Petitioner then began a misguided attempt to secure a reduced sentence himself by complaining to the U.S. Attorney's Office. In January of 2009, Petitioner submitted a cover letter and 132-page narrative (collectively, "ethics letter") to the U.S. Attorney's Office. [CV Doc. 2] at 6; [CV Doc. 16] at 4; see [CV Doc. 2-6] at 23. In the years that followed, Petitioner made numerous attempts to follow-up on the ethics letter. [CV Doc. 2] at 13-23. On multiple occasions, Petitioner received notice that his ethics letter would neither result in a reduced sentence nor stand in the way of a motion under § 2255. [CV Doc. 16-1] at 2, 3; [CV Doc. 2-3] at 8 (email from Petitioner to his grandmother dated June 29, 2010); see [CV Doc. 2] at 19-20. Regardless, he continued his futile efforts to seek recourse via the ethics letter. Finally, in June of 2012, after numerous attempts and years of receiving no response, he abandoned his attempts to follow-up on the ethics letter. [CV Doc. 2] at 23; see [CV Doc. 2-4] at 19-22 (letter to Ann Scheel, Acting U.S. Attorney for the District of Arizona, dated June 4, 2012).

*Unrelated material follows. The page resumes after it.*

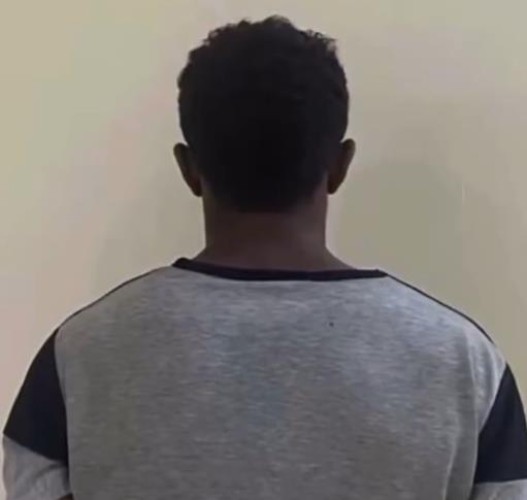 ظهر في مقطع وسط الجبال وزعم أن الجهات الأمنية لا تستطيع الوصول إليه .. القبض على مخالف والكشف عن جنسيته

Petitioner, proceeding pro se, filed his § 2255 Motion [CV Doc. 1] and memorandum in support [CV Doc. 2] on May 25, 2013. Petitioner asserts ten grounds for relief, including ineffective assistance of counsel (Ground 1), pleading guilty as a result of "duress and coercion" (Ground 9), a void indictment (Ground 5), and various grounds based on the Court's alleged errors during sentencing. [CV Doc. 2] at 47 (providing a complete list of Petitioner's grounds for relief).

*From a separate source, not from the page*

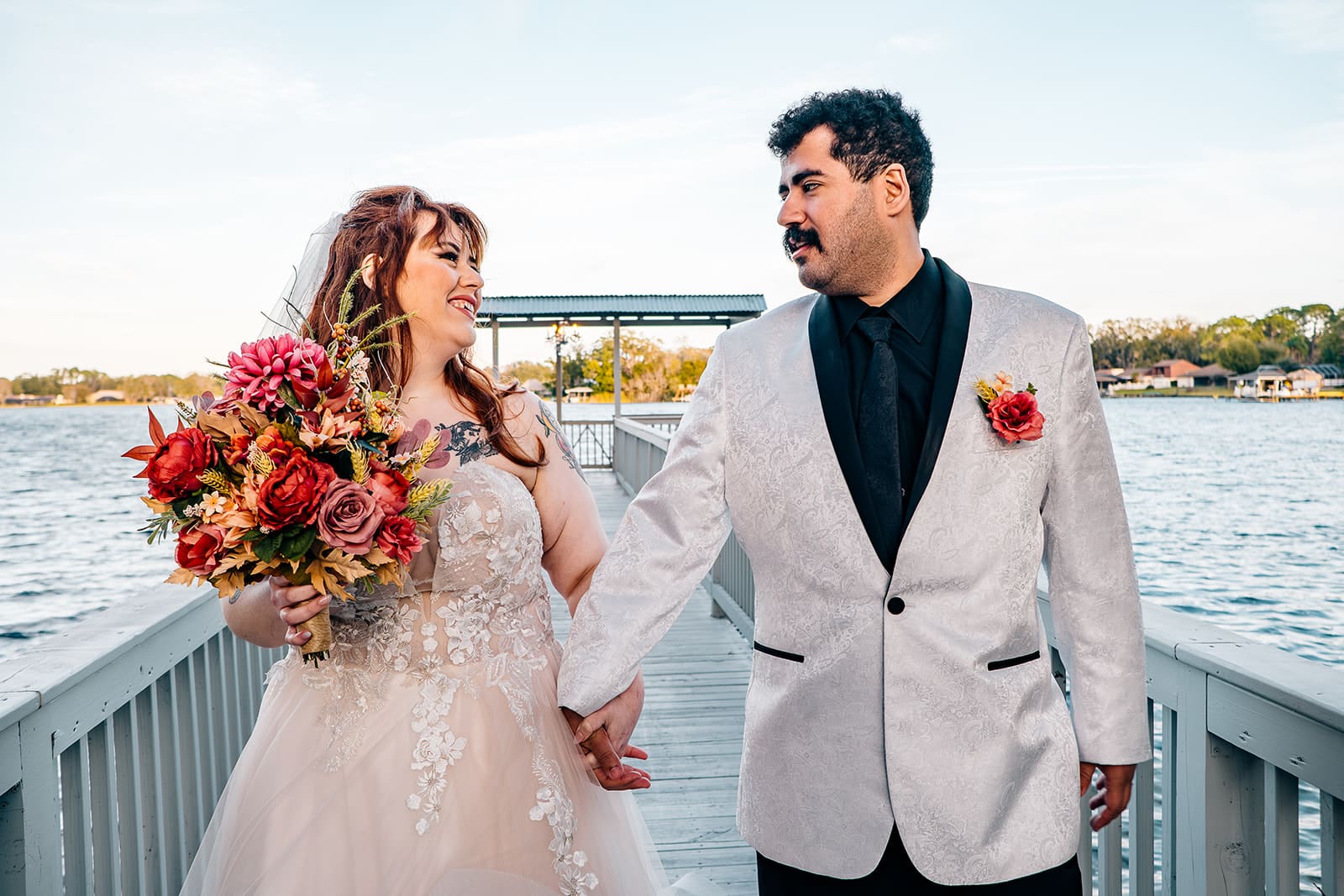 Heather andrew wedding at knotted roots on the lake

Petitioner's case has been filed under seal at his request. March 25, 2015 Letter [CV Doc. 3] ("Enclosed for filing under seal, please find the original of my motion made pursuant to 28 U.S.C. § 2255, to vacate, set aside or correct my sentence. The reason for this request is that the issues presented contain very sensitive information."). Petitioner has not asked this Court to unseal his case.

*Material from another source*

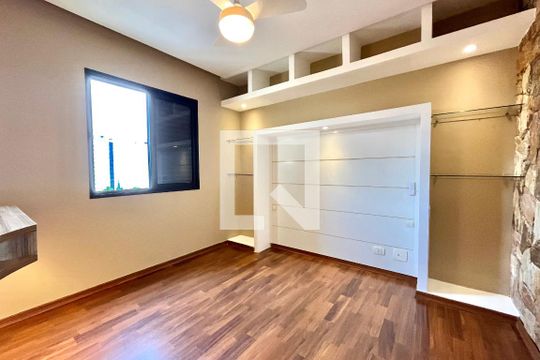 Suite de apartamento para alugar com 2 quartos, 98m² em Vila Alexandria, São Paulo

Petitioner's ten grounds for relief are as follows:
Ground 1: Movant received ineffective assistance of counsel.[CV Doc. 2] at 47.
Ground 2: The Court improperly calculated the amount of marijuana attributed to movant which substantially affected his sentence and money judgment.
Ground 3: The Court failed to consider a downward variance for age disparity and Movant's culpability in the offense under 18 U.S.C. § 3553(a) factors.
Ground 4: Movant was improperly enhanced four levels pursuant to U.S.S.G. § 3B1.1(a) for his role in the offense.
Ground 5: The indictment was void because it alleged a single conspiracy where as the evidence established multiple and separate conspiracies existed along with Movant's effective withdrawal from the previous conspiracy.
Ground 6: The Government's conduct was outrageous when it presented witnesses who intentionally provided false testimony, and which testimony is disproven by the files and records.
Ground 7: Movant was improperly enhanced two-levels pursuant to U.S.S.G. § 3C1.1 for obstruction of justice.
Ground 8: The Court erred in accepting the PSR as to Movant's criminal history calculation.
Ground 9: Movant's plea was made under duress and coercion resulting in a violation of his due process rights.
Ground 10: The Court erred in imposing a forfeiture upon movant that was not supported by the facts and record of the case.
The Government now moves to dismiss Petitioner's § 2255 Motion as untimely. [CV Doc. 16].
Anticipating the timeliness issue, Petitioner devotes much of his § 2255 Motion to his arguments on timeliness. See [CV Doc. 1] at 12; [CV Doc 2] at 3-46.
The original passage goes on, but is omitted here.